Release of detained OEM products
Outbound shipments of OEM products may also be detained by local customs authorities in China. There is a visible trend demonstrating that goods are manufactured for export by a Chinese manufacturer based on a foreign registered trademark. While the foreign trademark right is identical or similar to a registered Chinese trademark recorded with the Chinese Customs, the Chinese courts will determine the OEM to be a non-infringing act.
The courts have held that the main function of a trademark is to distinguish the source of goods and services, and a trademark functions only when the goods enter the Chinese market. Accordingly, if goods manufactured with a foreign trademark are for export only and are not to be sold in China, there will be no resulting confusion in the Chinese marketplace. Thus, OEM manufacturing would not jeopardise the interests of the registrant of a Chinese trademark. In the meantime, the buyer of the OEM products must make an effort to monitor its own supply chain as well as the Chinese market, to ensure that the shipped OEM goods never appear in China for the purposes of sale through any channel.
To file an OEM claim, the consignor or exporter must submit a full set of documents evidencing the nature of the OEM detained goods.
Collaboration with Customs on criminal cases
The quantity of infringing goods shipped outbound is large, and it is possible that a Customs detained case will develop into a criminal case.
According to Article 26 of the regulations, on discovering any suspected criminal offence in providing IP rights protection, Customs will transfer the case to the police.
Customs is not the right authority to initiate a criminal investigation. However, the basis of such criminal cases is that Customs detains the suspected infringing products and the rights holder promptly follows up with Customs (applying for further detention and paying bonds). Moreover, Customs is the first authority to collect and handle evidence relating to the subsequent criminal case. Therefore, working with Customs on criminal cases should not be overlooked by the rights holder as the victim in the case.

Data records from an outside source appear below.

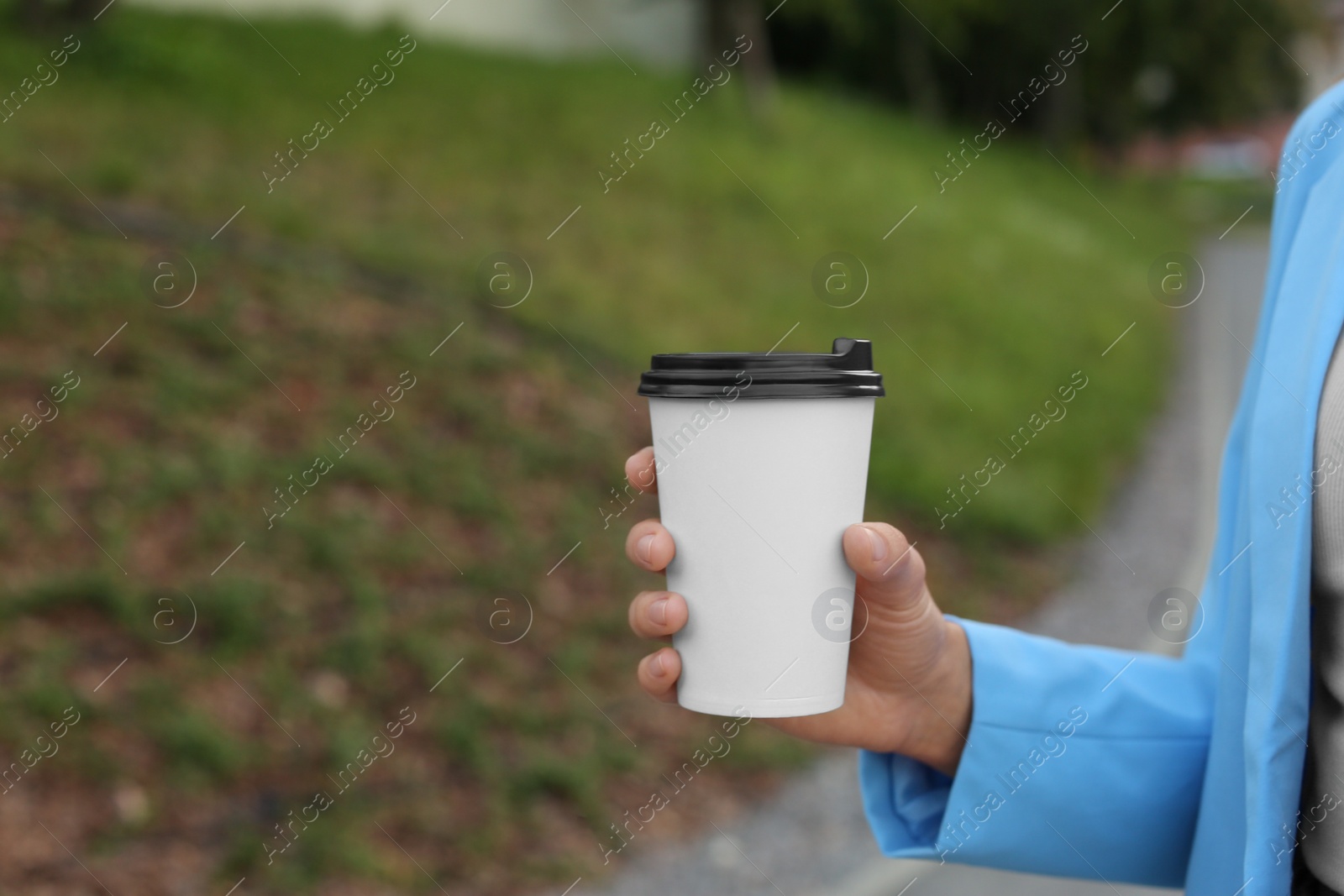 Photo of Coffee to go. Woman with paper cup of drink outdoors, closeup. Space for text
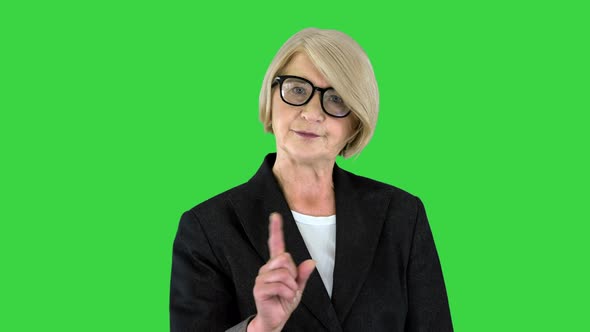 Strict Teacher Expressing Her Discontent Wags Her Finger on a Green Screen Chroma Key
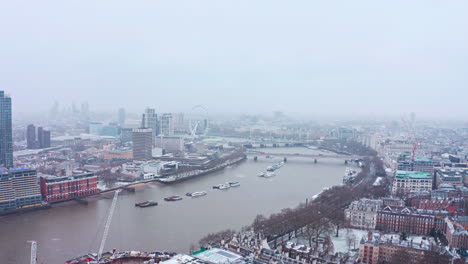 london snow aerial drone slider shot south bank waterloo bridge london eye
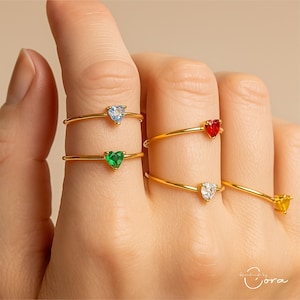 May include: A selection of gold rings, each with a heart-shaped gemstone in shades of light blue, green, red, white, and yellow. The rings have a delicate, minimalist design.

Support in court-related measures
With respect to ex officio action, after the rights holder confirms the infringement and pays the requisite bond, a consignee or consignor presents Customs with a written explanation and evidence as to why its goods have not infringed any IP rights. In such cases, the rights holder must apply for an injunction or property preservation order from the relevant People’s Court. If the application for the injunction or property preservation order is approved and the order is presented to Customs, Customs must assist in the execution of the order. If the application is denied, the detained goods will be released and the bond returned after the rights holder pays the related storage expenses.
With respect to passive protection, Customs is not permitted to engage in further investigation and the rights holder will have to file a lawsuit before the courts.
Considering that the rights holder has no direct access to detained products and relevant material and information, in court-related measures, support from Customs is important.
When discussing IP rights enforcement, infringement lawsuits and administrative and police raids will come up; while customs protection may not be considered as important. However, working with Chinese Customs is of great value for rights holders.
Undoubtedly, a thorough customs protection strategy and good customs protection action can significantly contribute to the efficient and cost-saving relief of infringement at an international level. The value and importance of customs protection in China should be taken seriously by rights holders globally.